*Work to complete*. From the material below, set down exactly the lines that run from the one containing "(Image supplied) St" to the one containing "Hotel Casa San", minus the pictures.

◆ ◆ ◆ ◆

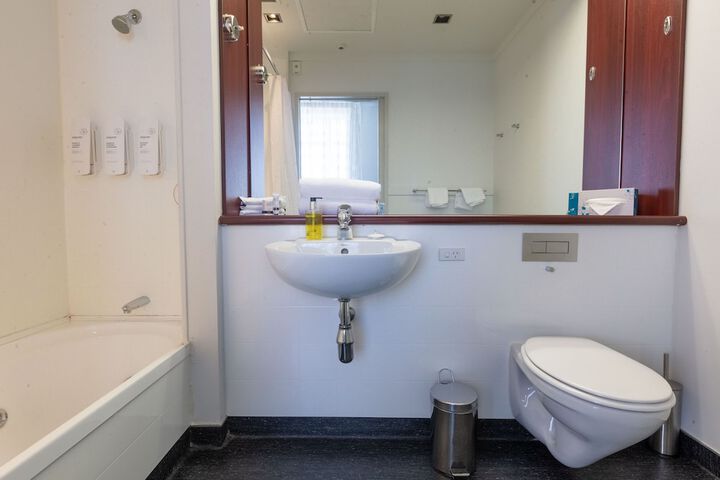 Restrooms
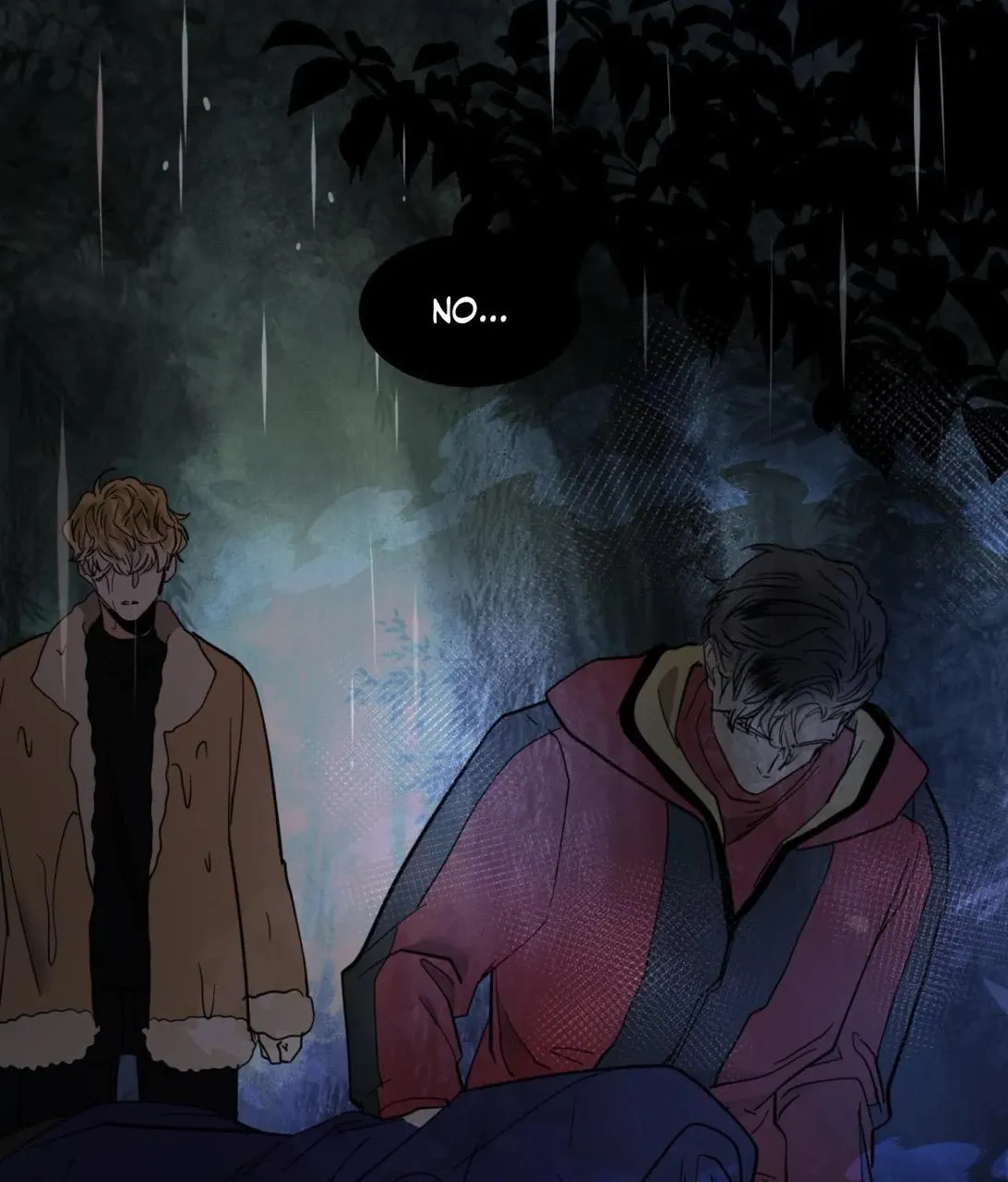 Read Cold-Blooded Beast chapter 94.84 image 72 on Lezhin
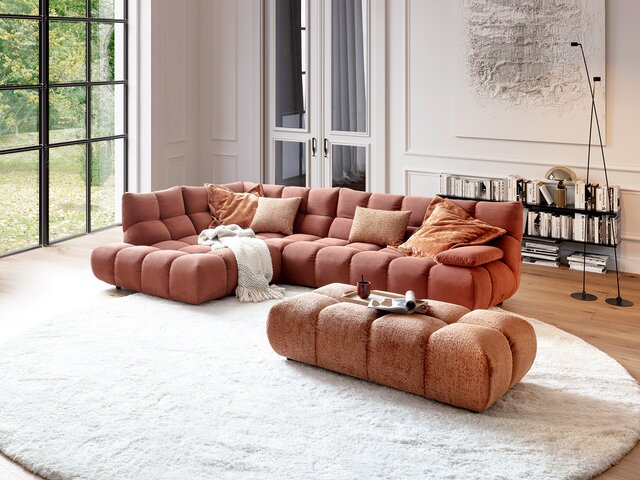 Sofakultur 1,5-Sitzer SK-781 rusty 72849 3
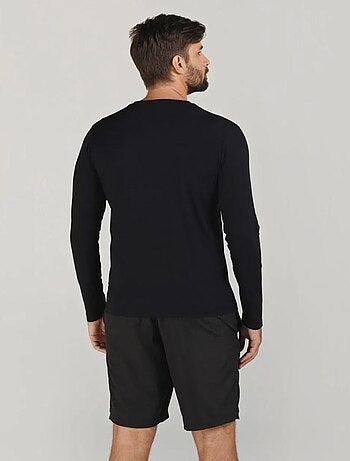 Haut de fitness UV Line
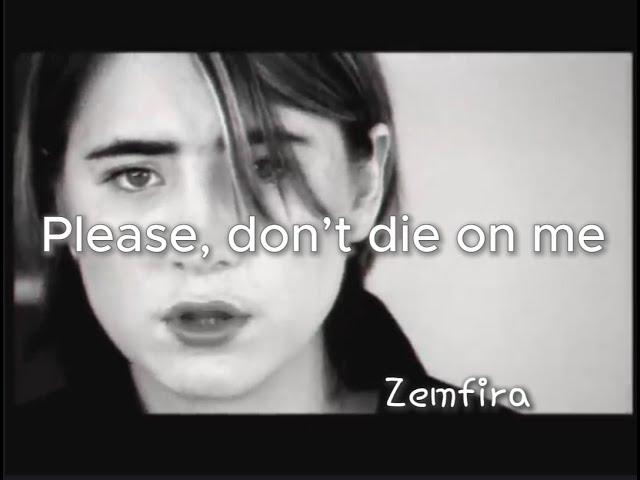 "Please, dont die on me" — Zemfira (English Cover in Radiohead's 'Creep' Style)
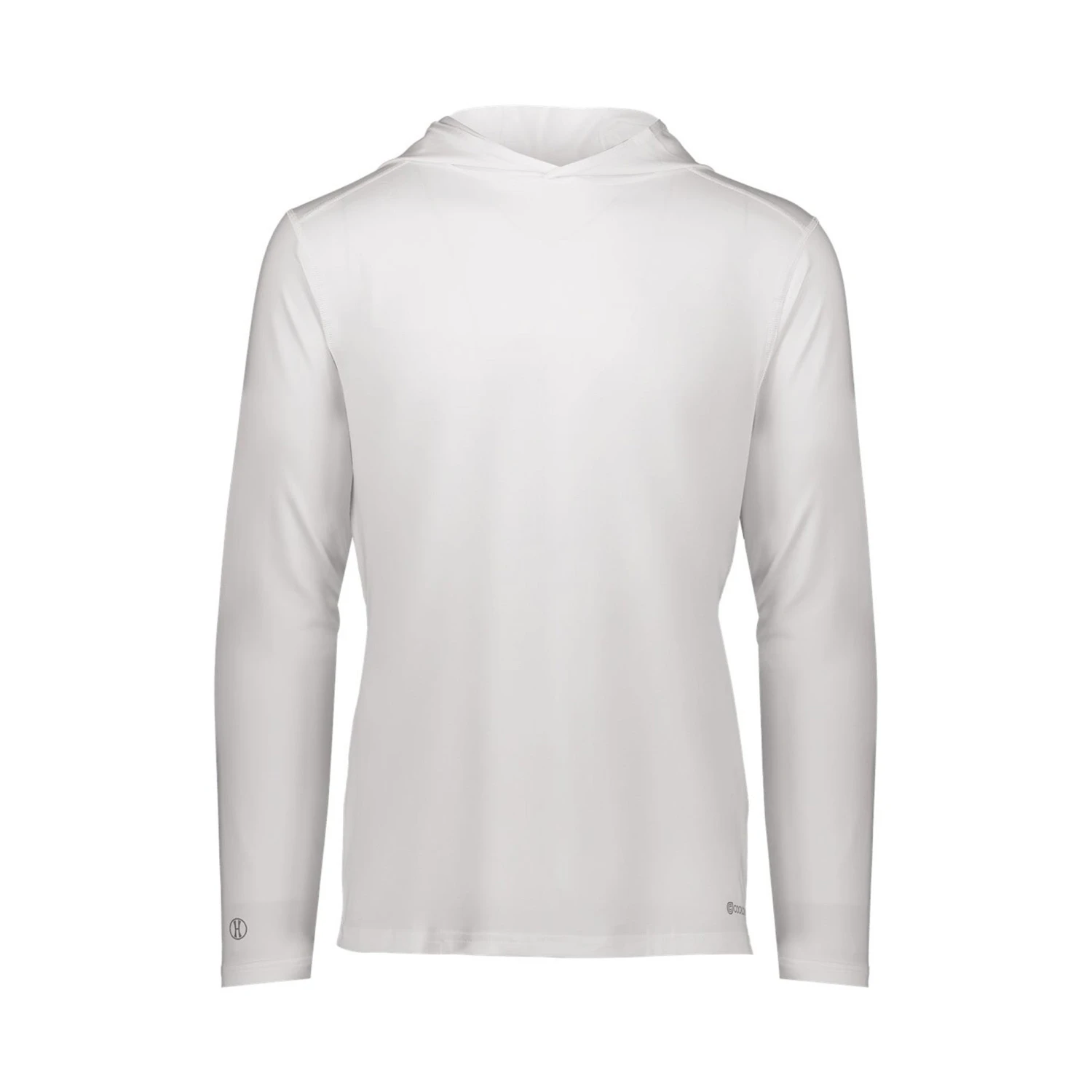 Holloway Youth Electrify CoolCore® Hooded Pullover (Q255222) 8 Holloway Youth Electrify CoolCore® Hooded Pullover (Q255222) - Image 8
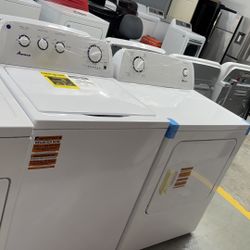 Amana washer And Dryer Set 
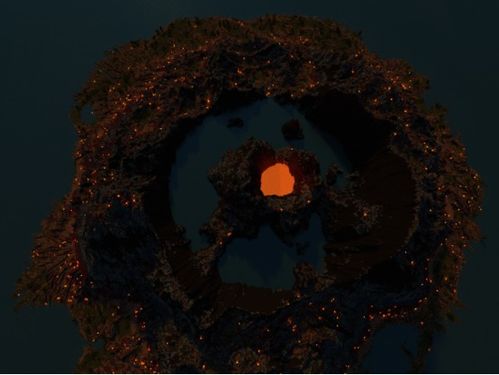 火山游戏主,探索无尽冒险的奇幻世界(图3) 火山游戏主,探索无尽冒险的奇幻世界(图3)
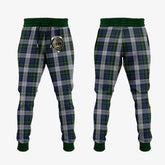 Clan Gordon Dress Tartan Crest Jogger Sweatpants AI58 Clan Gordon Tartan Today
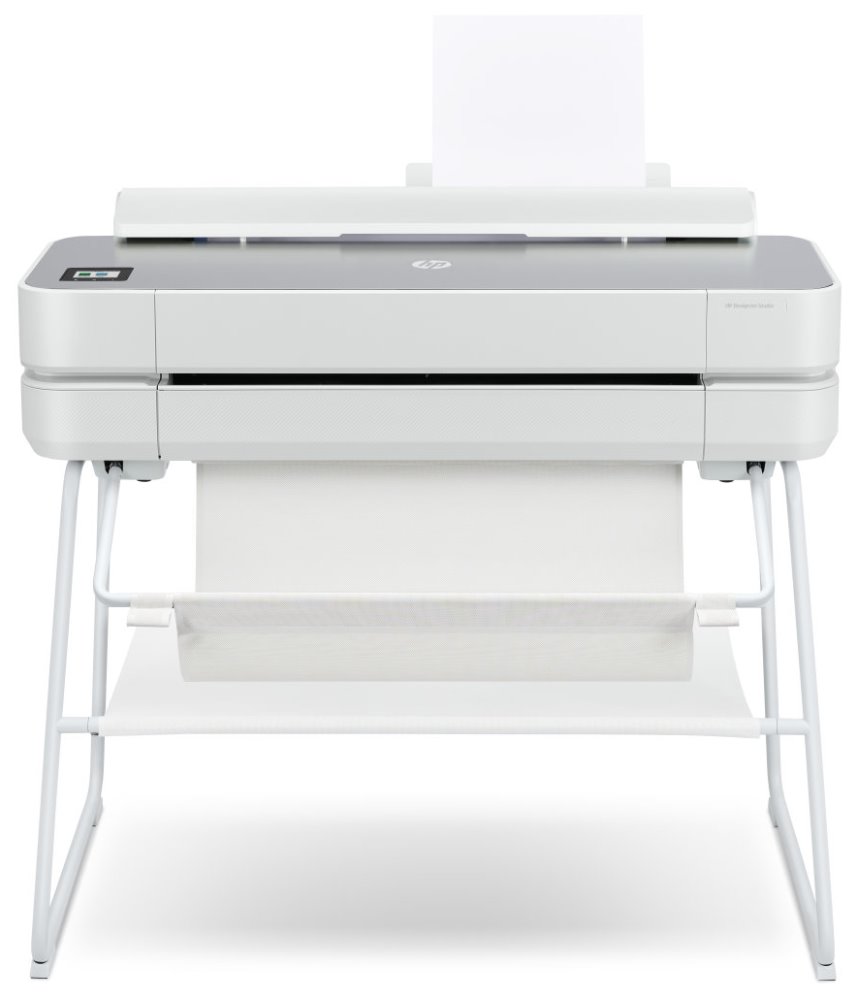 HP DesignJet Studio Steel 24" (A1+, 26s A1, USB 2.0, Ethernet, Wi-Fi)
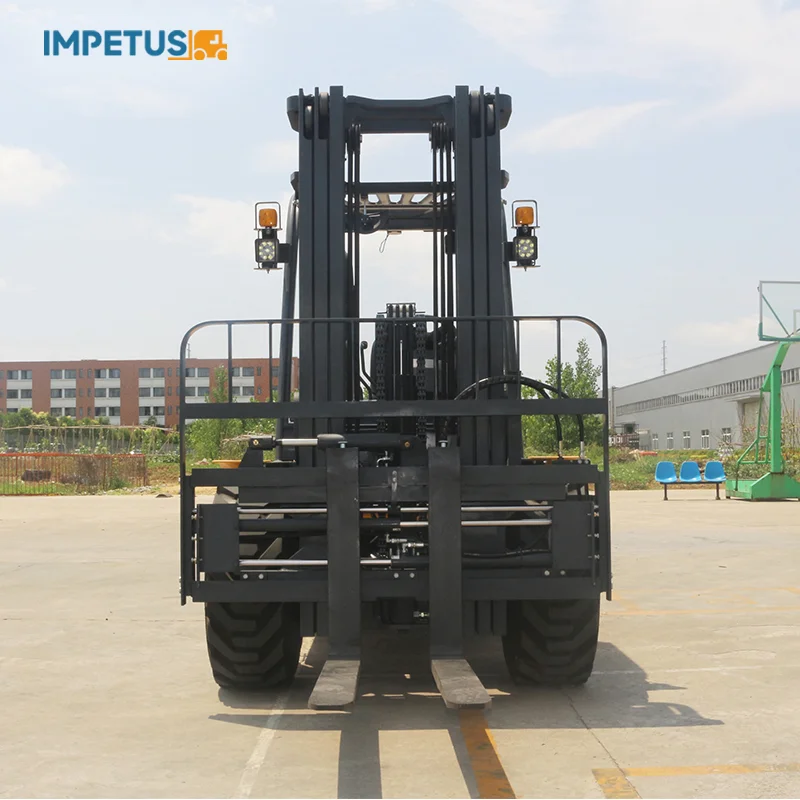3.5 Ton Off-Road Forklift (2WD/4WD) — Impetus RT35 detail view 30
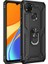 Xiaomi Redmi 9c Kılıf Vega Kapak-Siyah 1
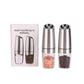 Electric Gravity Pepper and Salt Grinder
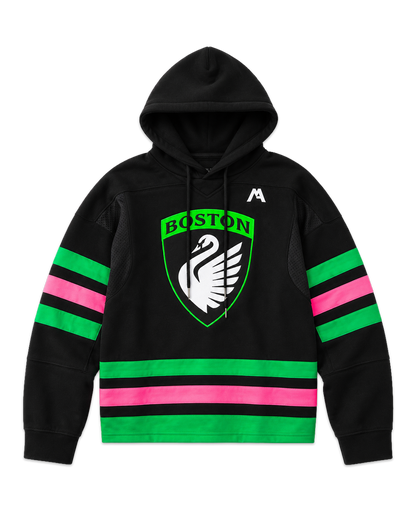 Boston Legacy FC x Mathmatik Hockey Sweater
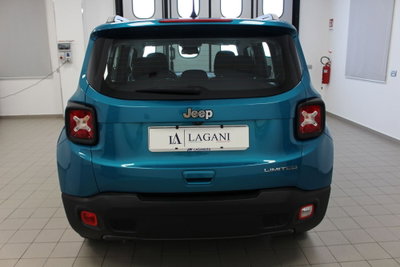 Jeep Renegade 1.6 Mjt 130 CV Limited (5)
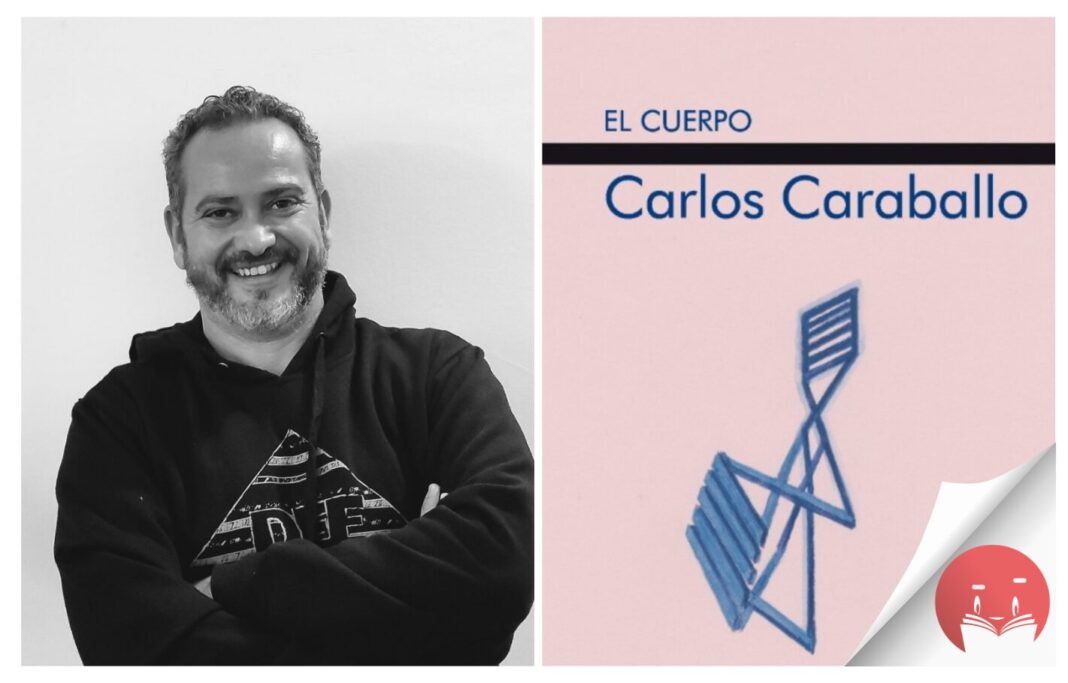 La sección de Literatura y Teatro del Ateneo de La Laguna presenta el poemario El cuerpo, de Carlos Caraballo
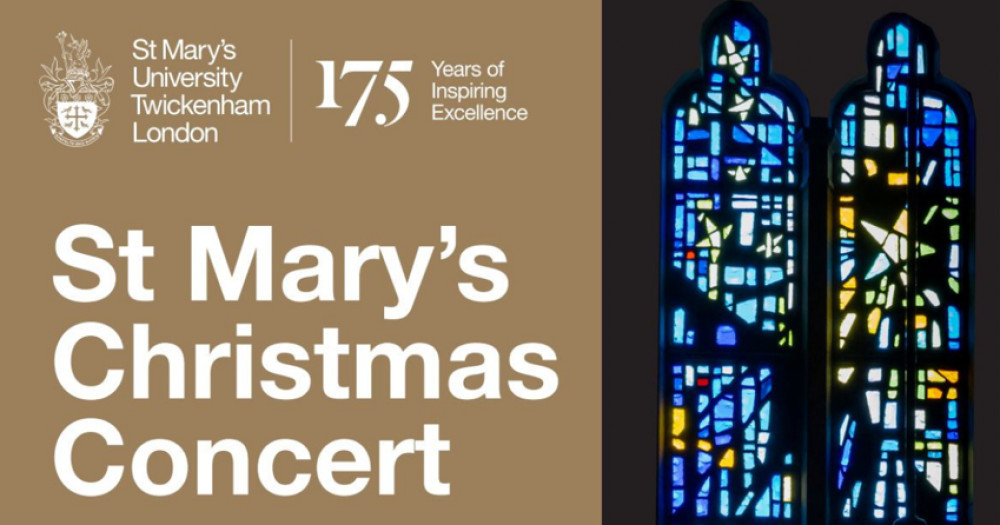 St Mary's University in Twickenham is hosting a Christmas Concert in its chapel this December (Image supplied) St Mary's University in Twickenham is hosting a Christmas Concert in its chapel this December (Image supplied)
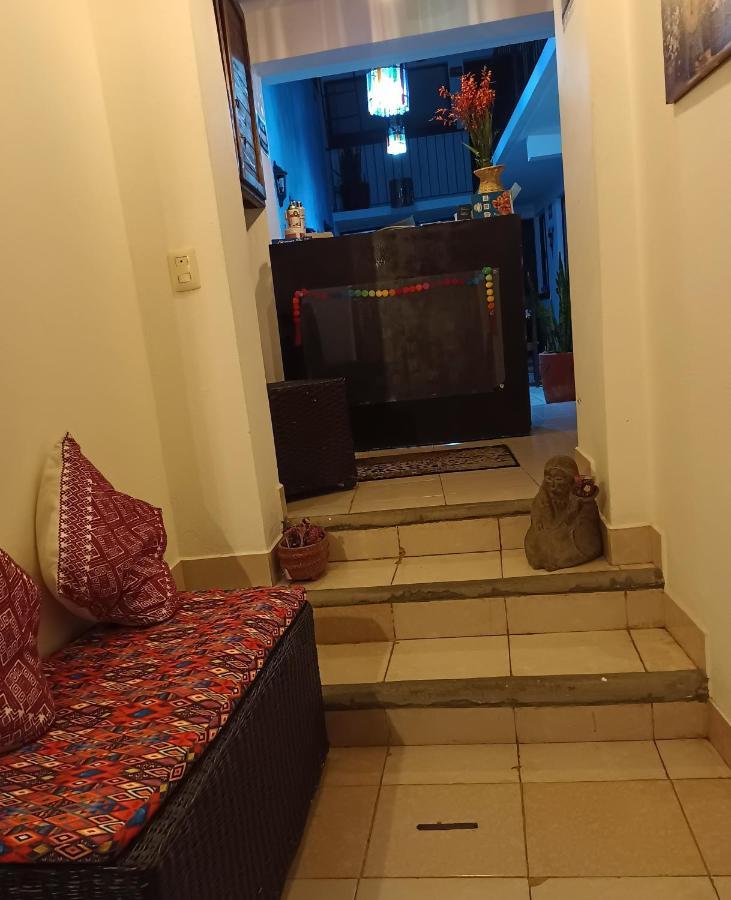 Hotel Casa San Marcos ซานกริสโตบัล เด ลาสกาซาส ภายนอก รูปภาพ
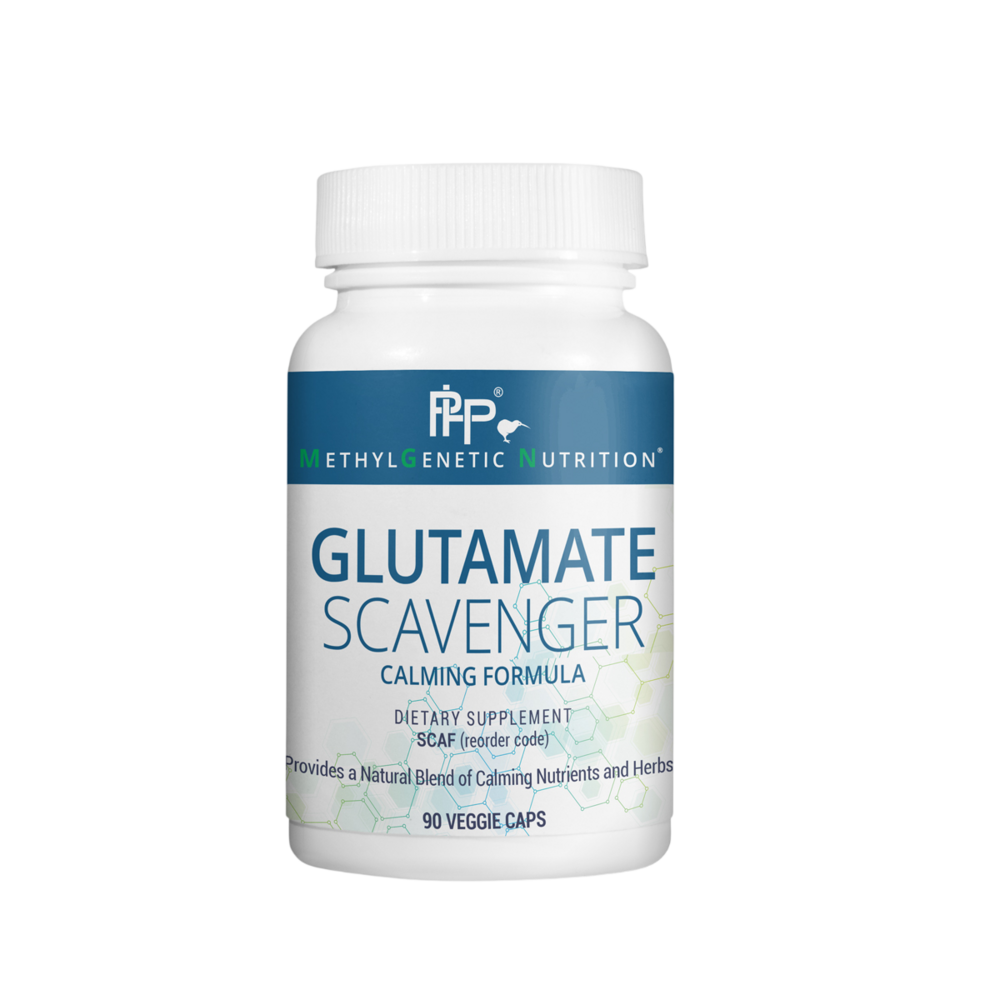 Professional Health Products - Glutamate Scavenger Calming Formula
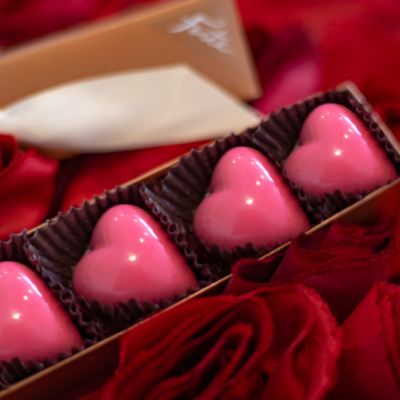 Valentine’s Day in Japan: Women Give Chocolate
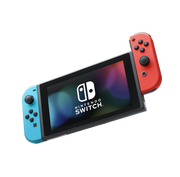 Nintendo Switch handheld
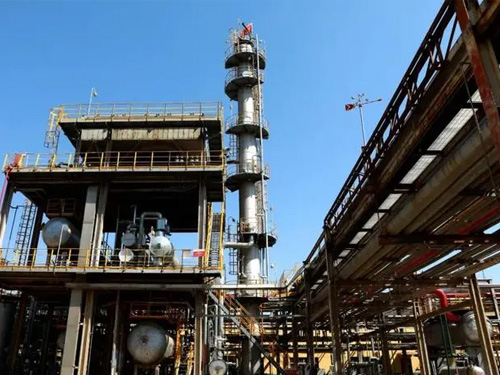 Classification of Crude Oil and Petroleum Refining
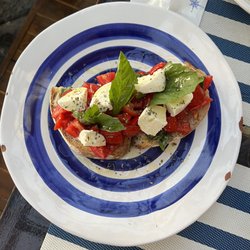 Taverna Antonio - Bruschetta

◆ ◆ ◆ ◆

*Reply*.
 St Mary's University in Twickenham is hosting a Christmas Concert in its chapel this December (Image supplied) St Mary's University in Twickenham is hosting a Christmas Concert in its chapel this December (Image supplied)
 Hotel Casa San Marcos ซานกริสโตบัล เด ลาสกาซาส ภายนอก รูปภาพ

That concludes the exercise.